▸ **Information**:
····················

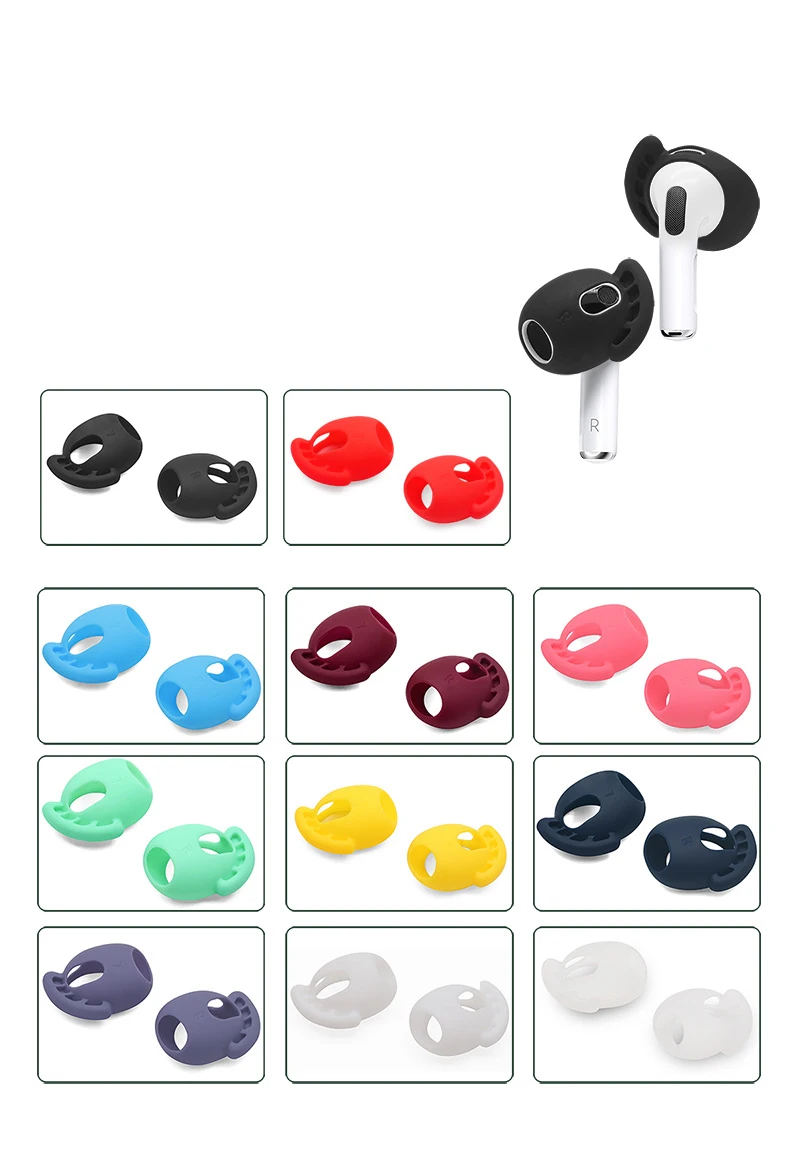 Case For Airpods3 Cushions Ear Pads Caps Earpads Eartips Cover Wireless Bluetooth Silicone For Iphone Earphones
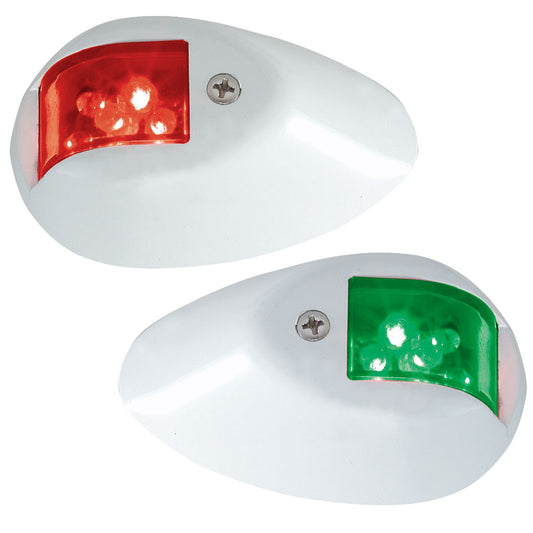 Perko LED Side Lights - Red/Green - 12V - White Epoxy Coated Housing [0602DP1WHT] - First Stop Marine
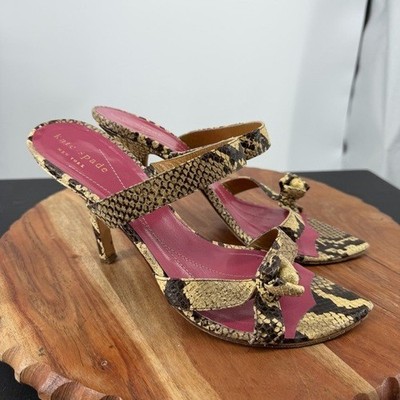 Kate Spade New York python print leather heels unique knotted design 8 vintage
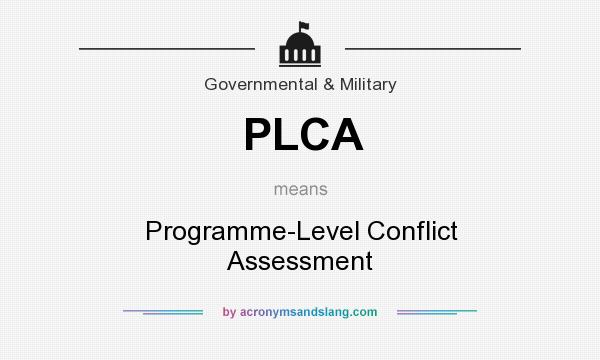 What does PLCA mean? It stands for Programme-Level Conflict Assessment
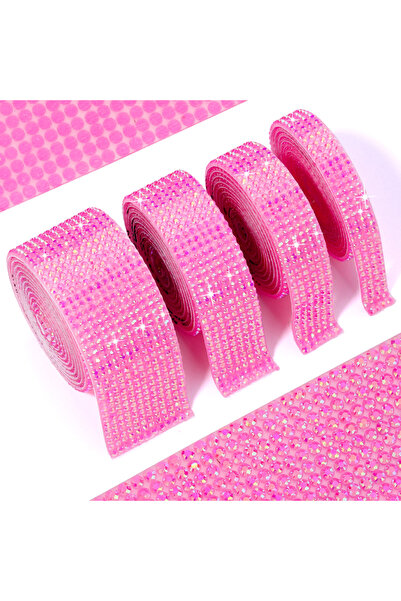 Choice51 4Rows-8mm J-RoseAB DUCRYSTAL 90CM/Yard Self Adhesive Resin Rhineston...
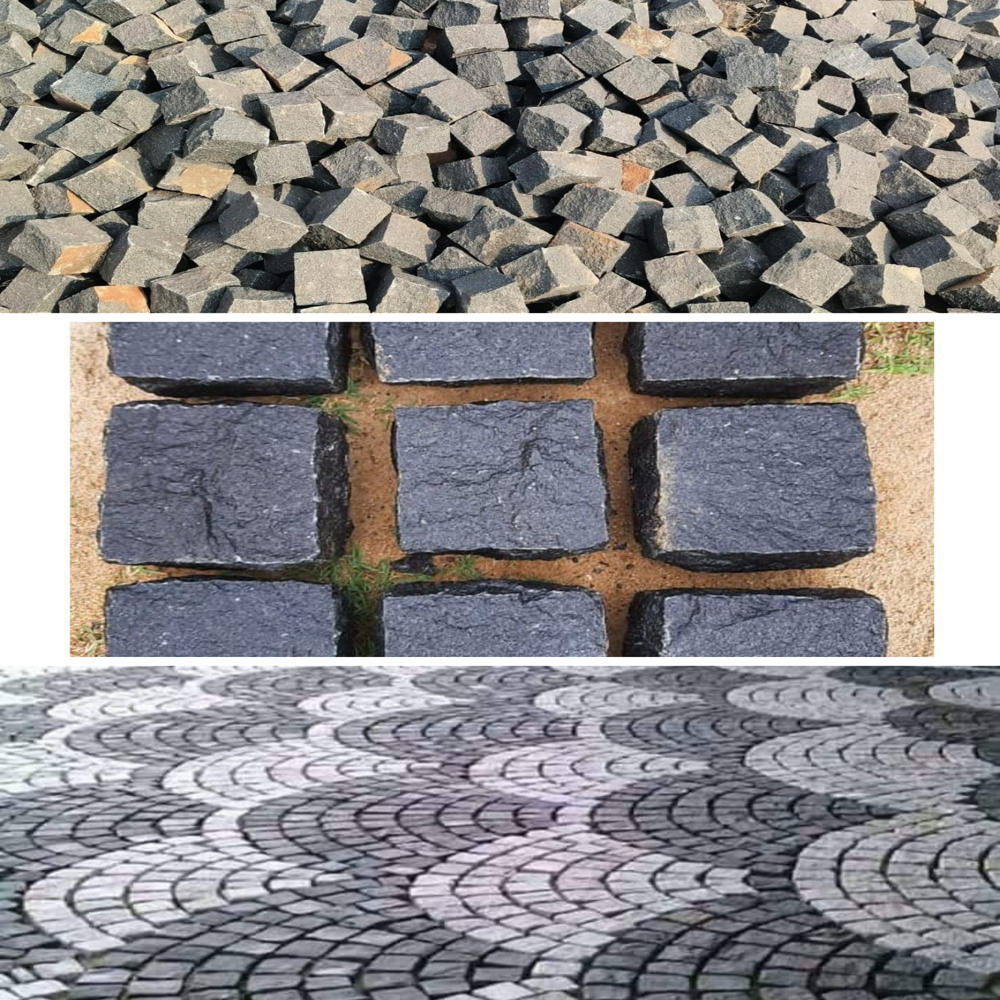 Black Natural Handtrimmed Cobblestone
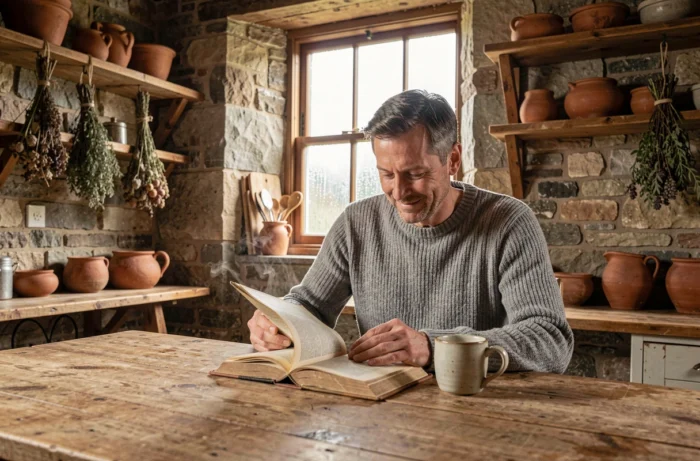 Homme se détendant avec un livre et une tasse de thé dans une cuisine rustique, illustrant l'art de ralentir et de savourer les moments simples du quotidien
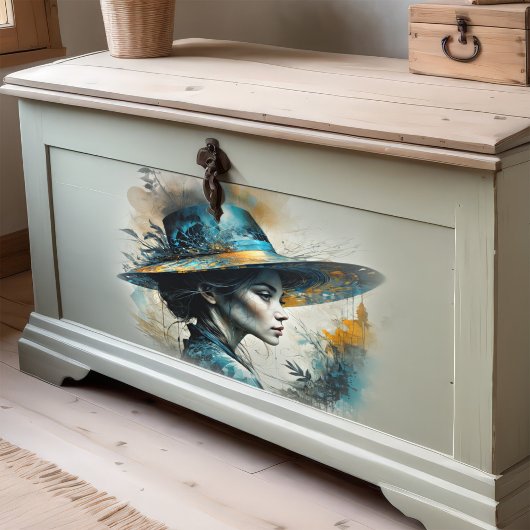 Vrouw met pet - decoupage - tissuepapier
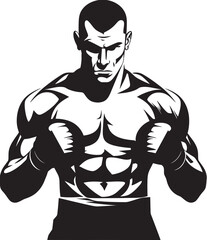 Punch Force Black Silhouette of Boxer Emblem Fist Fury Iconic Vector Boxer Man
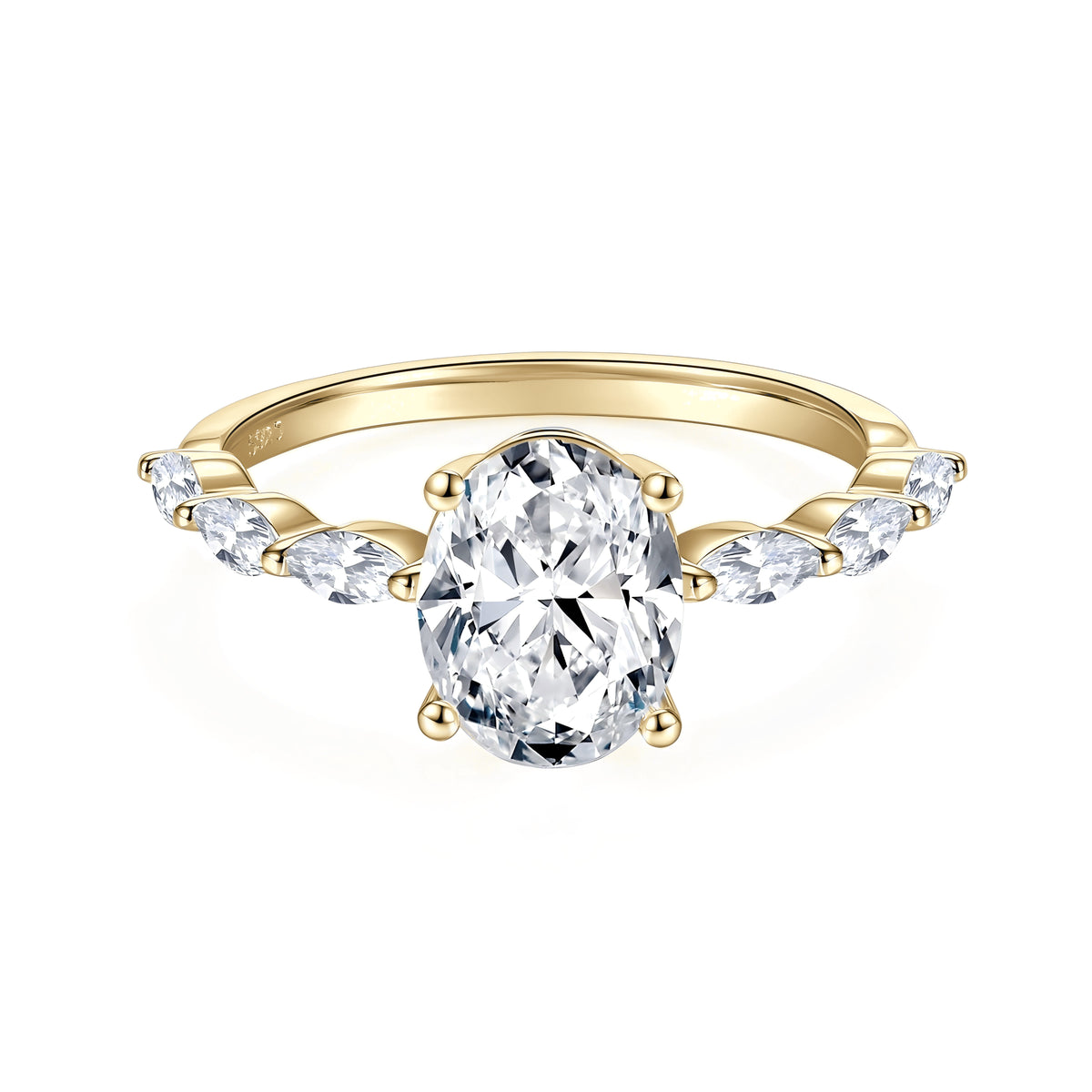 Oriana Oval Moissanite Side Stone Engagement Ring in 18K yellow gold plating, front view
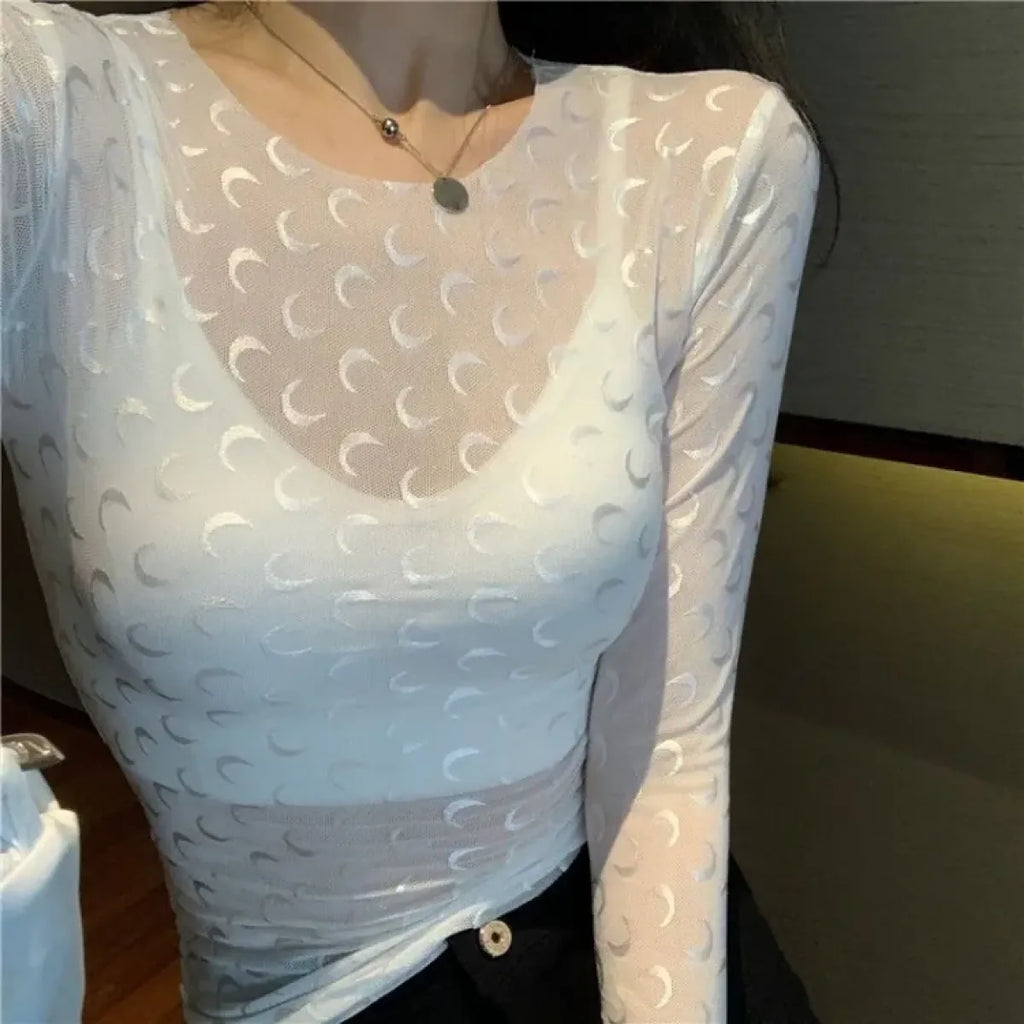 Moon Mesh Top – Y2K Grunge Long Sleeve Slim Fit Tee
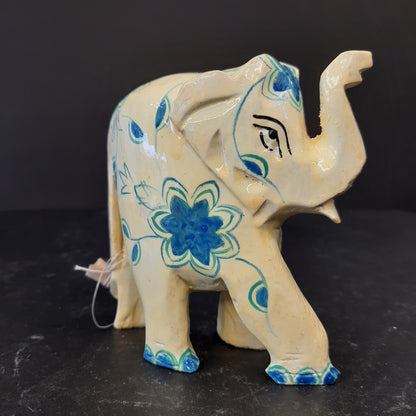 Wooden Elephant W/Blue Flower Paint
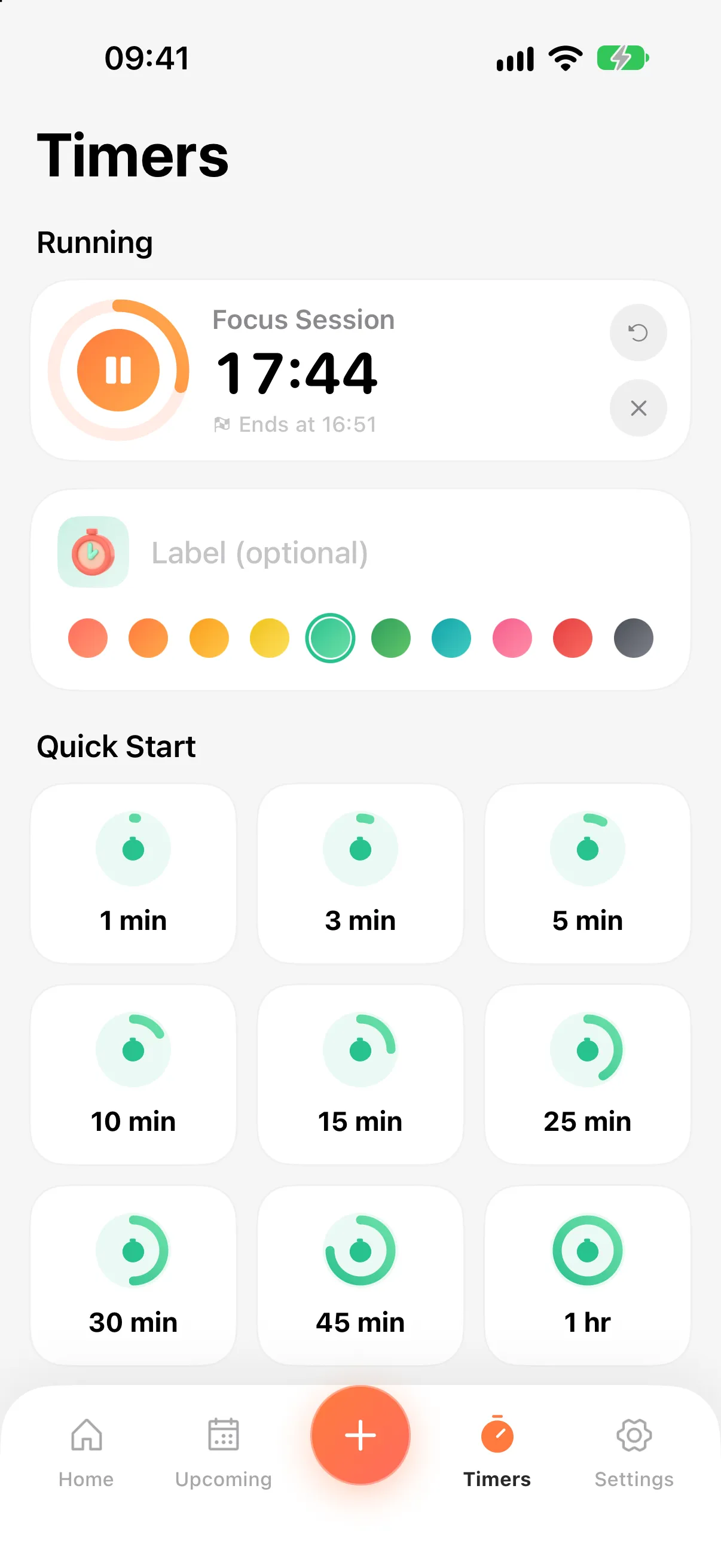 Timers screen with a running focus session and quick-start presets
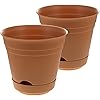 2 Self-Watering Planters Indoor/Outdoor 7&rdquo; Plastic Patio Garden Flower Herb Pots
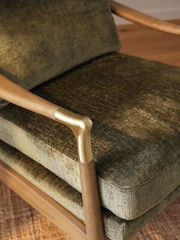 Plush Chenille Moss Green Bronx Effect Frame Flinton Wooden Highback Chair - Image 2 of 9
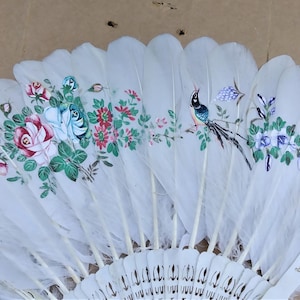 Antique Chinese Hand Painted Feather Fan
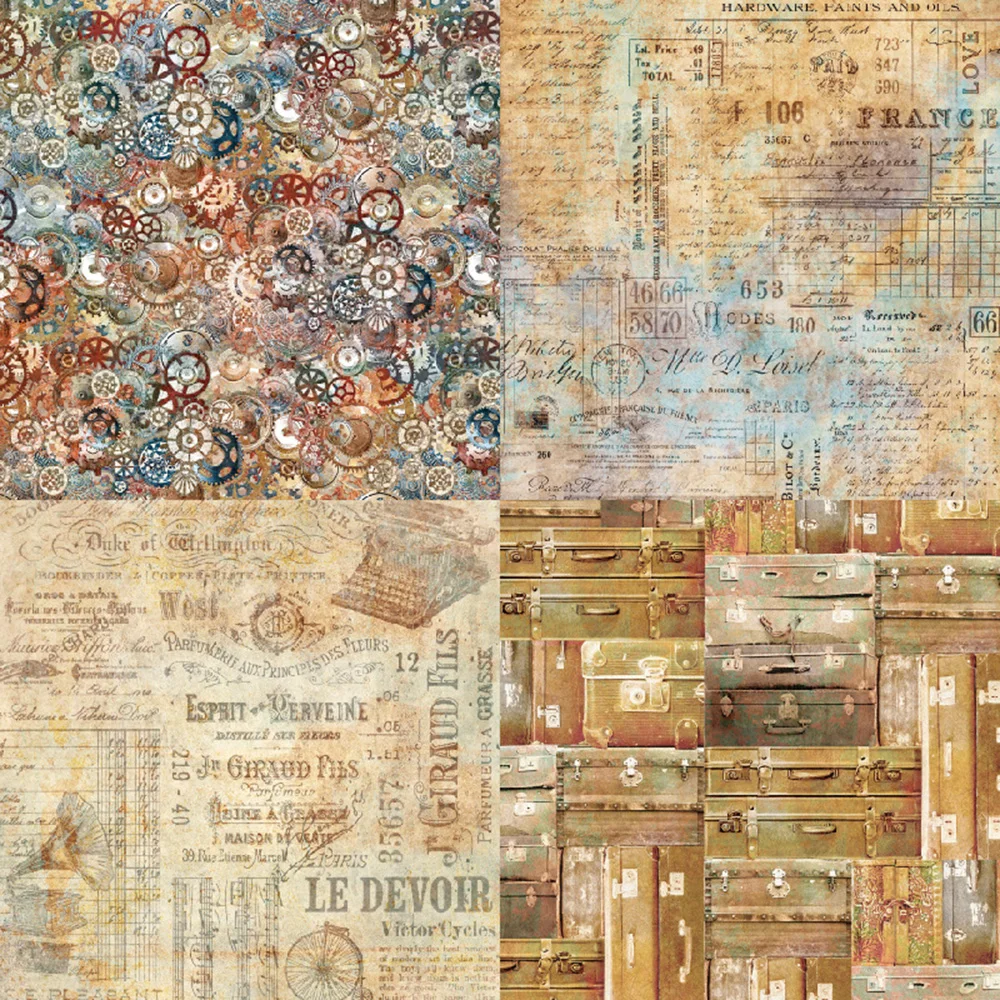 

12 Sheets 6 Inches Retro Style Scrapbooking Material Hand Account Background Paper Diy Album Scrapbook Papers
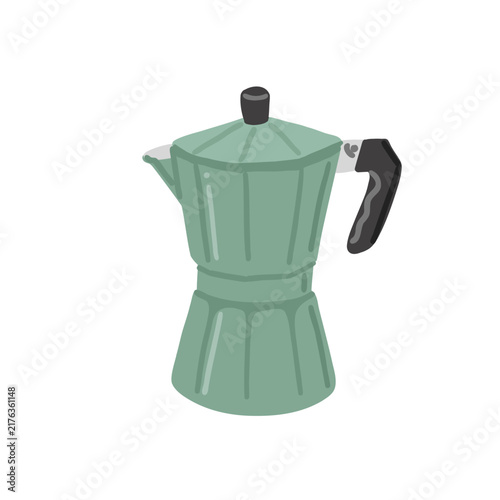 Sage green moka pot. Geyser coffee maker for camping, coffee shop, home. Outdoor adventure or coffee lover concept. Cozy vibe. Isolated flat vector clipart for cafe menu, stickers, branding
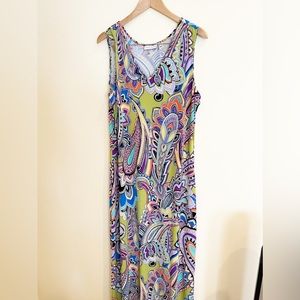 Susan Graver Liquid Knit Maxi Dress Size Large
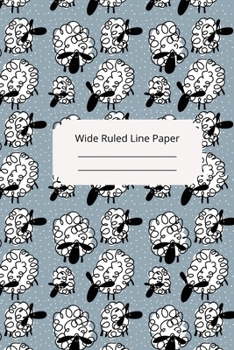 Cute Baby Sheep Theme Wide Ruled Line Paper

····················

▸ **Aim of the task**: Your answer must consist only of the lines from the one containing "Choice51 4Rows-8mm J-RoseAB" through the end of the entries, restated word for word, with no pictures.

▸ **Your response**:
 Choice51 4Rows-8mm J-RoseAB DUCRYSTAL 90CM/Yard Self Adhesive Resin Rhineston...
 Black Natural Handtrimmed Cobblestone
 Homme se détendant avec un livre et une tasse de thé dans une cuisine rustique, illustrant l'art de ralentir et de savourer les moments simples du quotidien
 Vrouw met pet - decoupage - tissuepapier
 Punch Force Black Silhouette of Boxer Emblem Fist Fury Iconic Vector Boxer Man
 Oriana Oval Moissanite Side Stone Engagement Ring in 18K yellow gold plating, front view
 Moon Mesh Top – Y2K Grunge Long Sleeve Slim Fit Tee
 Wooden Elephant W/Blue Flower Paint
 Timers screen with a running focus session and quick-start presets
 2 Self-Watering Planters Indoor/Outdoor 7&rdquo; Plastic Patio Garden Flower Herb Pots
 Plush Chenille Moss Green Bronx Effect Frame Flinton Wooden Highback Chair - Image 2 of 9
 Antique Chinese Hand Painted Feather Fan

12 Sheets 6 Inches Retro Style Scrapbooking Material Hand Account Background Paper Diy Album Scrapbook Papers
 Sage green moka pot. Geyser coffee maker for camping, coffee shop, home. Outdoor adventure or coffee lover concept. Cozy vibe. Isolated flat vector clipart for cafe menu, stickers, branding
 Susan Graver Liquid Knit Maxi Dress Size Large
 Cute Baby Sheep Theme Wide Ruled Line Paper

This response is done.